Only the pictures are to be left out; please reproduce everything else in the data exactly.

::: SOURCE MATERIAL :::

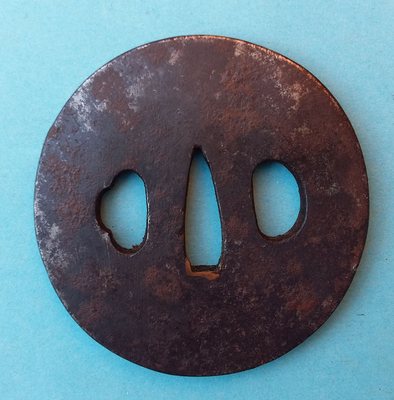 Tsuba 18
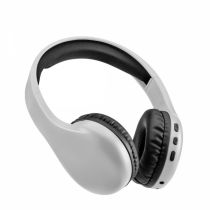 Headphone Bluetooth Joy, P2, Branco, PH309 - Multilaser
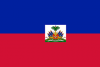 Haitian Flag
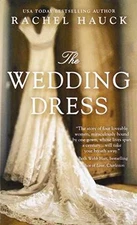 The Wedding Dress - Paperback, by Hauck Rachel - Acceptable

:::

■ SOLUTION ■
 Tsuba 18
 Headphone Bluetooth Joy, P2, Branco, PH309 - Multilaser
 Haitian Flag
 The Wedding Dress - Paperback, by Hauck Rachel - Acceptable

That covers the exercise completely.